Desde siempre una ley de punto final es instrumento de justicia transicional. Y todos pensamos que es inevitable acudir a mecanismo de esa jaez, para por ejemplo concluir bienaventuradamente los diálogos de paz en La Habana.
Aun el hombre común y corriente colombiano sabe bien que es viable construir reglas jurídica y políticamente aceptables como fórmula de aterrizar el conflicto absurdo que hemos soportado, pero como se instó al expresidente Gaviria a rodar la reflexión de lo que allá viene gestándose, se piensa que la idea es una insuperable genialidad. Por favor.
La Ley de Justicia y Paz ideada para (entre otros) el paramilitarismo es igualmente modelo de justicia transicional que alcanzó salida para ese nefasto sector de la confrontación armada con las que nos correspondió sobrevivir. Desde luego no perfecta como obra humana, pero que ha contribuido a alcanzar un poco de justicia, verdad y reparación.
Obsérvese que se habla con bastante razón que al lado de los guerrilleros y paramilitares como organizaciones criminales se encuentran agazapados el insondable mundo empresarial e industrial que los promueven, por miedo o sin él, en rol de farsantes delincuentes como aquellos; ingenuos o convencidos de sus ideologías. Recuérdese que ambas delincuencias penetraron las esferas representativas de la sociedad.

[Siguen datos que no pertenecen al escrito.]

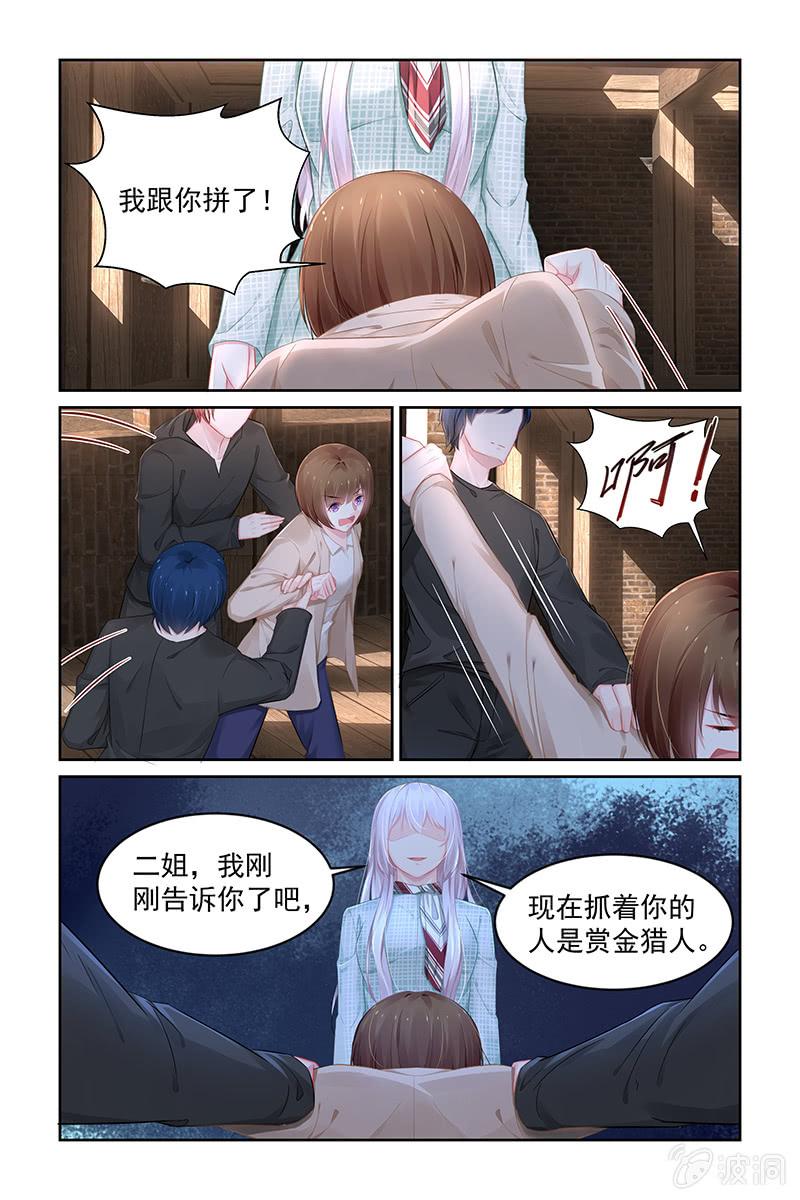 192.现在是谁放过谁？-第199话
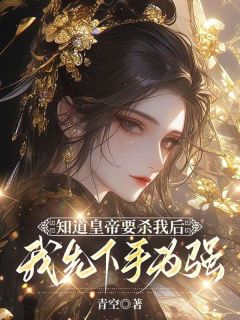 知道皇帝要杀我后，我先下手为强小说全集(程昱寒元梦安)无弹窗广告阅读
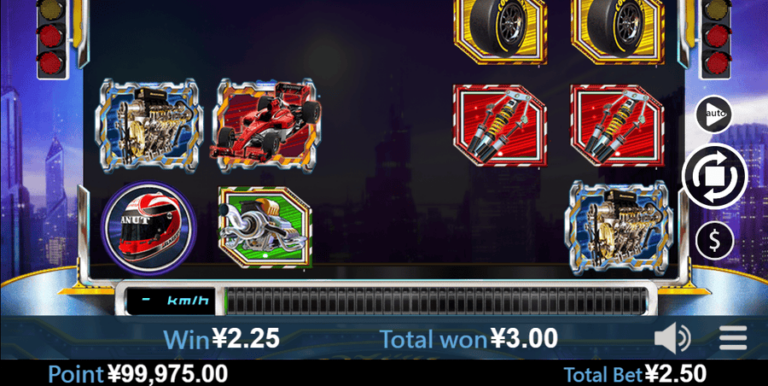 Speed Racing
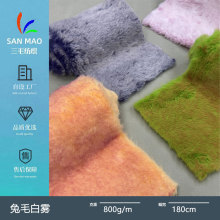 兔毛白雾 仿兔毛兔貂褪白环保皮草外套毛领鞋帽箱包毛绒布料面料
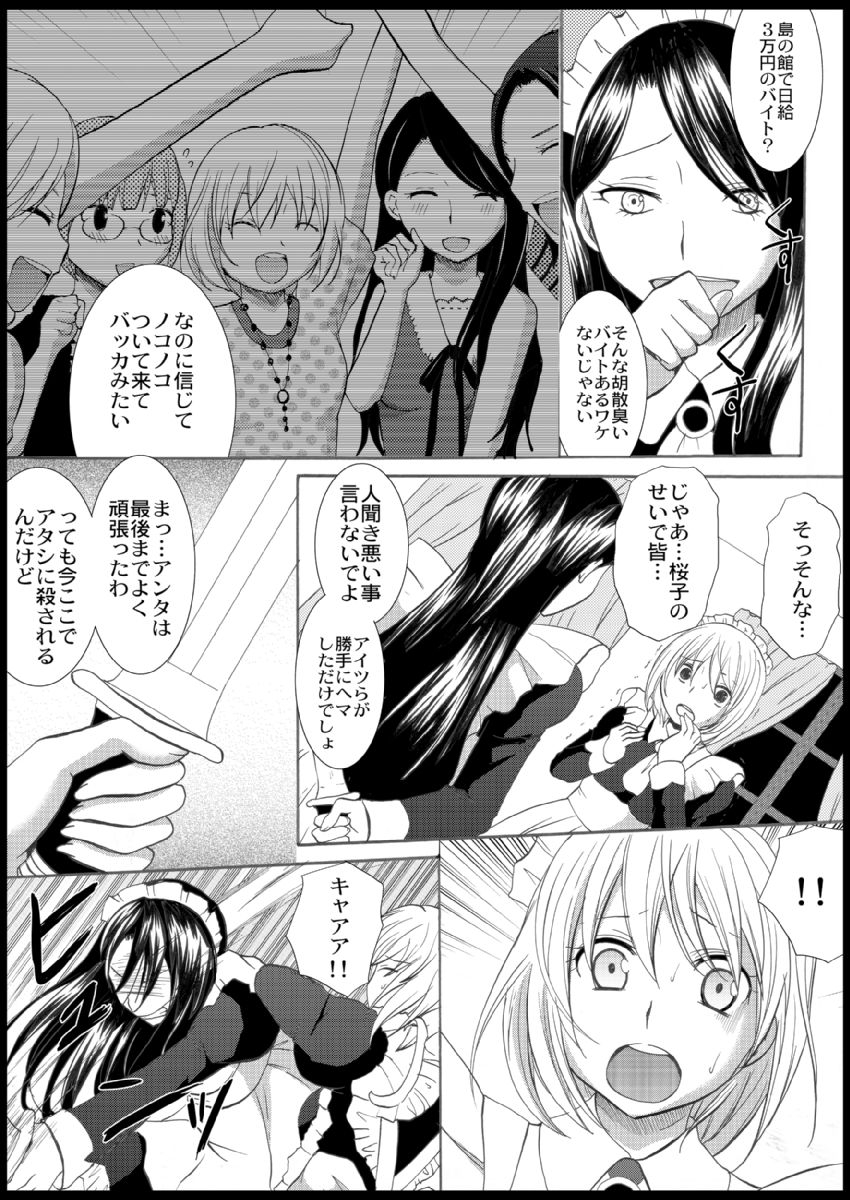 Omocha  Ikuseitou〜Jigoku no Senkoukai〜 - Page 99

En el complejo mundo dogmático del tipo penal de concierto para delinquir, la Sala Penal de la Corte Suprema de Justicia ha venido de señalar que se ha distinguido entre promover efectivamente un grupo armado al margen de la ley y el concierto para promover una organización de ese tipo, indicando que cabe un mayor desvalor de la conducta y un juicio de exigibilidad personal y social más drástico para quien organiza, fomenta, promueve, arma o financia el concierto para delinquir, que para quien solo lo acuerda (en acción u omisión) el cual traduce la celebración de consensos ilegales con los actores cruentos que coparon por la fuerza territorios y espacios sociales y que requerían alianzas estratégicas con fuerzas políticas y empresariales para consolidar su dominio y expansión.

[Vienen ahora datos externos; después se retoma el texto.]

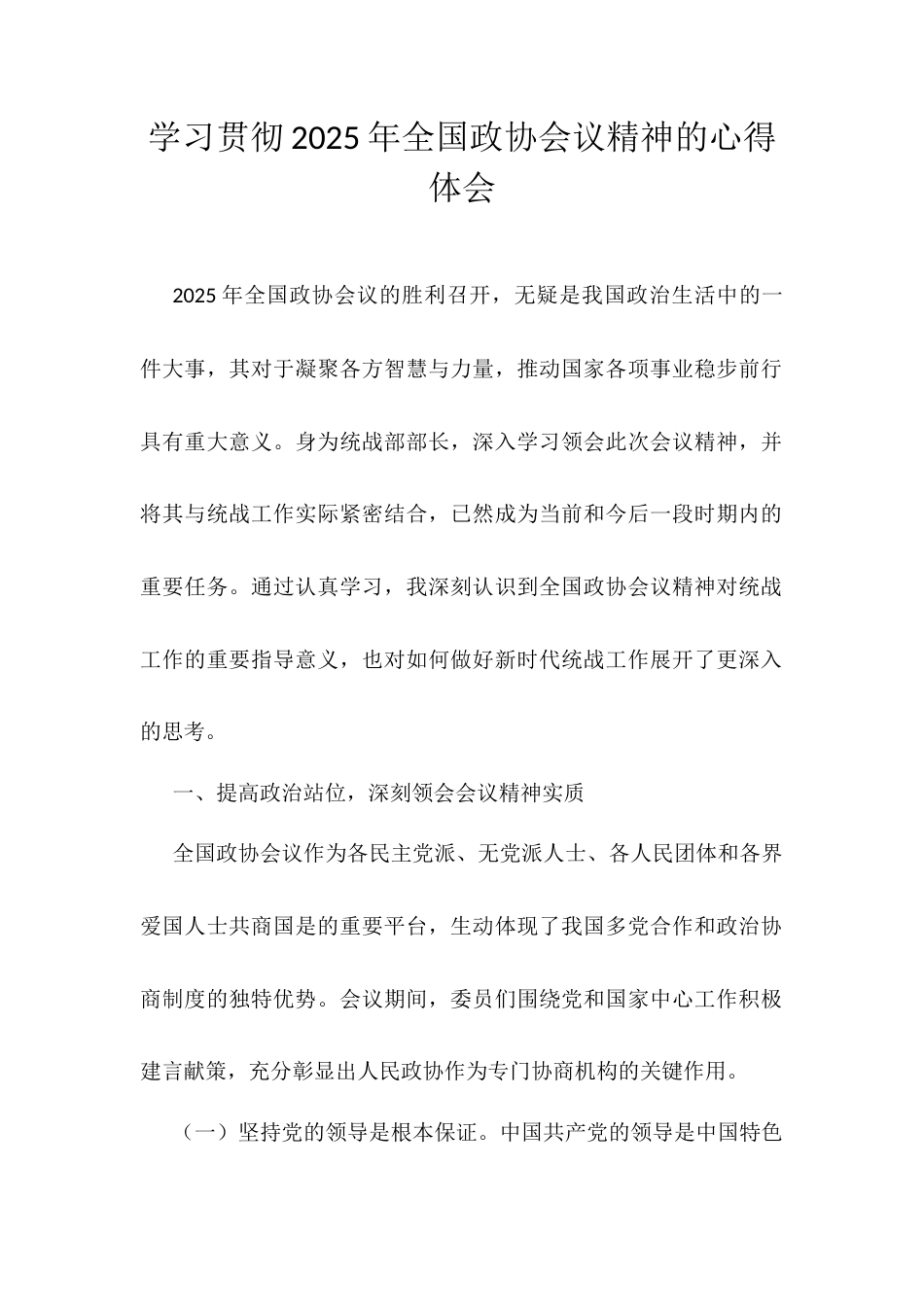 学习贯彻2025年全国政协会议精神的心得体会.docx_第1页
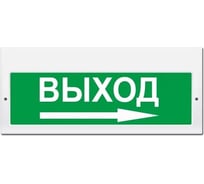 Световое табло Элтех-Сервис М-220 Стрелка вправо (зелен. фон) 00000000380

La ley de punto final es tan necesaria que a la mayoría de los políticos condenados por paramilitarismo se les compulsó copias para que se les investigara por separado de la presunta participación en los delitos perpetrados por el grupo armado ilegal con el cual se concertaron y del que hacían parte, incluidos aquellos de “lesa humanidad” que se encuentran en remojo en la propia Corte.

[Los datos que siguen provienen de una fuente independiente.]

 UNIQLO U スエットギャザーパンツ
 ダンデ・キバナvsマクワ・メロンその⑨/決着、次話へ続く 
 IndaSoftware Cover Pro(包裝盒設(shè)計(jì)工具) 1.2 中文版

El complique es de tal naturaleza que al presidente Santos el Fiscal Montealegre le sopló que en la Fiscalía hay 13.000 denuncias contra empresarios e industriales a quienes se les señala de haber cooperado con el paramilitarismo, es decir, se les sindica de haber asumido rol de combatientes pasivos de cuello blanco, los denominados en teoría de coparticipación criminal: los ‘hombres de atrás’, los codeterminadores de la delincuencia organizada.
Las familias tradicionales o ejemplares apoyan una ley de punto o final o se despierta la maquina leviatanica de la justicia con el monstruo de mil cabezas. Se las dejo ahí.